Personal life
- Born: 181 AH (797 CE) Samarkand, Abbasid Caliphate
- Died: 255 AH (869 CE) Muscat, Abbasid Caliphate
- Era: Islamic Golden Age
- Region: Abbasid Caliphate
- Main interest: Hadith studies
- Notable work: Sunan al-Darimi
- Occupation: Muhaddith^{[broken anchor]}, Hadith compiler, Islamic scholar

Religious life
- Religion: Islam
- Denomination: Sunni
- Jurisprudence: Shafi'i
- Creed: Athari

= Al-Darimi =

Muslim scholar and Imam (797–869)

Abd Allah ibn Abd al-Rahman al-Darimi (عبد الله بن عبد الرحمن الدارمي; 797–869 CE) was a Muslim scholar and Imam of Arab or Persian ancestry. His best known work is Sunan al-Darimi, a book collection of hadith, considered one of the Nine Books (Al-Kutub Al-Tis’ah).

==Biography==
Al-Darimi came from the family tribe of Banu Darim ibn Malik ibn Hanzala ibn Zayd ibn Manah ibn Tamim, or the Arab Banu Tamim tribe. He is also known as al-Tamimi, in relation to Tamim ibn Murr, who was one of the ancestors of Banu Darim.

Al-Darimi stated, "I was born in the same year Abd Allah ibn al-Mubarak died, and Abd Allah ibn al-Mubarak died in 181 AH."

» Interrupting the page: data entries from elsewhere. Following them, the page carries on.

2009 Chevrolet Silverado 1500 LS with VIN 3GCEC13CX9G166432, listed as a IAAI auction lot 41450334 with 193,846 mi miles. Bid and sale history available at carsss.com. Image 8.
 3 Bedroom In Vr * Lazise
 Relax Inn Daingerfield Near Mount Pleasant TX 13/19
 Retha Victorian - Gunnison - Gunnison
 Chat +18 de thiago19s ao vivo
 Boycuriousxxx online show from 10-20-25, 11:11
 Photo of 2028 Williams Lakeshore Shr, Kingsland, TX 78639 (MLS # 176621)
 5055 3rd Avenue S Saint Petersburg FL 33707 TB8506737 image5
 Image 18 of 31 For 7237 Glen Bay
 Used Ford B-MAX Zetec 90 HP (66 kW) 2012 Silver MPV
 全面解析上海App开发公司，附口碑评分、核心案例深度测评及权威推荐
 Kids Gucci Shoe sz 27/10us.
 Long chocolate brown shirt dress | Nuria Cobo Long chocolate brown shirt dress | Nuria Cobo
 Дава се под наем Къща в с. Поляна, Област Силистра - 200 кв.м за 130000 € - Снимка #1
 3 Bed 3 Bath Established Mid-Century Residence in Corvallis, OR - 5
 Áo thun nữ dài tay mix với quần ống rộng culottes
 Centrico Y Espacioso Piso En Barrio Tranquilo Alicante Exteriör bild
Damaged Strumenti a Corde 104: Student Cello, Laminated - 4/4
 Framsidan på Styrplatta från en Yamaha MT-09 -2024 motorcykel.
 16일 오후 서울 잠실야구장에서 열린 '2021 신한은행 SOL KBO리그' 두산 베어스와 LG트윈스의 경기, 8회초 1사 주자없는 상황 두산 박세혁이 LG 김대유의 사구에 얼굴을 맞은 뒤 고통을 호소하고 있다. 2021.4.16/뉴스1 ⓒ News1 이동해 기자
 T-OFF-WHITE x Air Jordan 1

Al-Darimi narrated hadith from Yazid ibn Harun, Abd Allah ibn Awn, and others. A number of scholars also narrated hadiths from him, including Muslim ibn al-Hajjaj, Abu Dawud, al-Tirmidhi, and Abu Zur'a al-Razi.

==Works==
- Sunan al-Darimi: a collection of Muhammad's hadith
- Tafsir al-Darimi: an exegesis mentioned by al-Dhahabi
- Al-Jami'a: mentioned by al-Khatib al-Baghdadi
- Musnad al-Dārimī. Cairo: Dār al-Taʾṣīl, 2015. This Musnad includes many Hadiths in various chapters of jurisprudence. In his compilation, al-Dārimī adopted the method of listing subject matters and chapters, beginning with a great introduction discussing knowledge and its merits, then the Book of Purification, and concluding with the Book of the Virtues of the Qur’an.